Would you give the listing again exactly, without its images?
*** Provided material ***
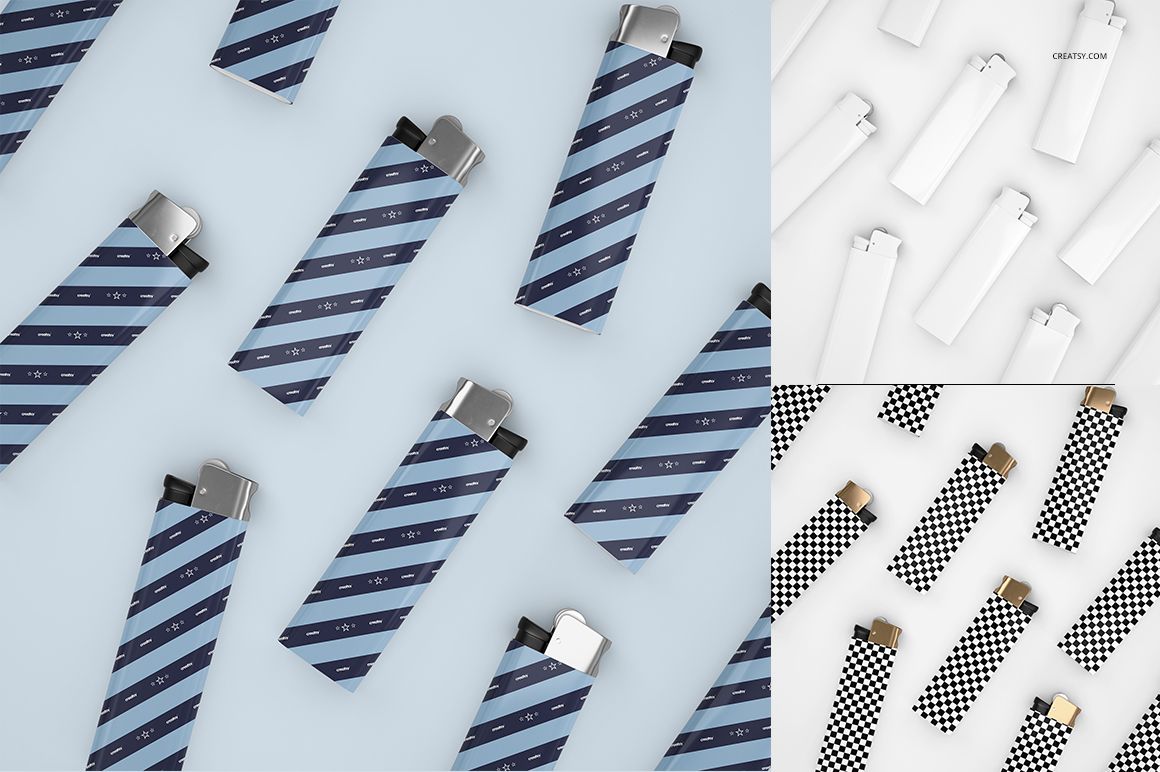 Lighter mockup set showing various designs, including blue stripes and checkered patterns, viewed from above.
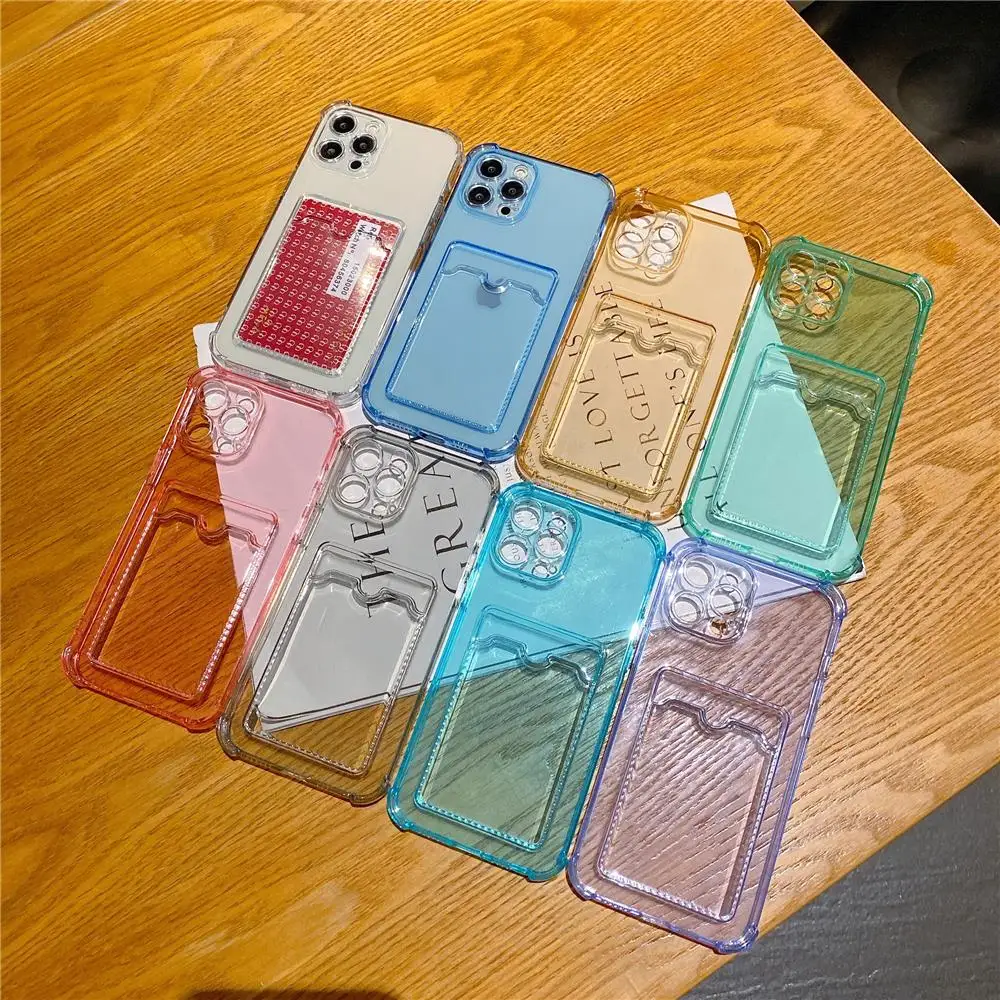 Transparente Kartensteckplatz-Taschenhalter-Hülle für iPhone 13 11 12 14 15 Pro Max Mini X XS XR SE 7 8 Plus Klare, stoßfeste Brieftaschenhülle – Detail 19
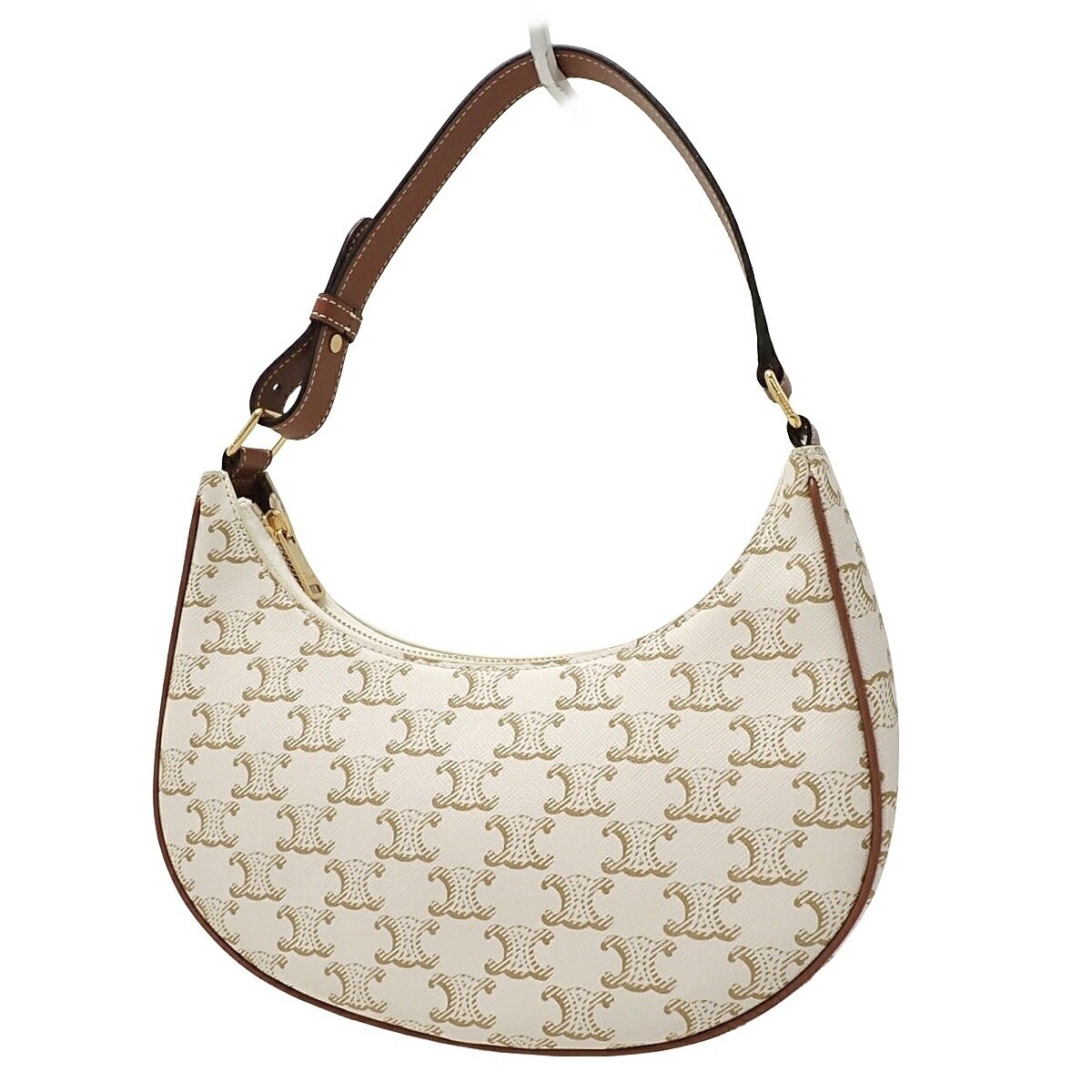 CELINE Ava Bag Handbag Shoulder Bag Calf Triomphe Canvas Tan White Gold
*** End of Provided material ***
Exercise response>
 Lighter mockup set showing various designs, including blue stripes and checkered patterns, viewed from above.
 Transparente Kartensteckplatz-Taschenhalter-Hülle für iPhone 13 11 12 14 15 Pro Max Mini X XS XR SE 7 8 Plus Klare, stoßfeste Brieftaschenhülle – Detail 19
 CELINE Ava Bag Handbag Shoulder Bag Calf Triomphe Canvas Tan White Gold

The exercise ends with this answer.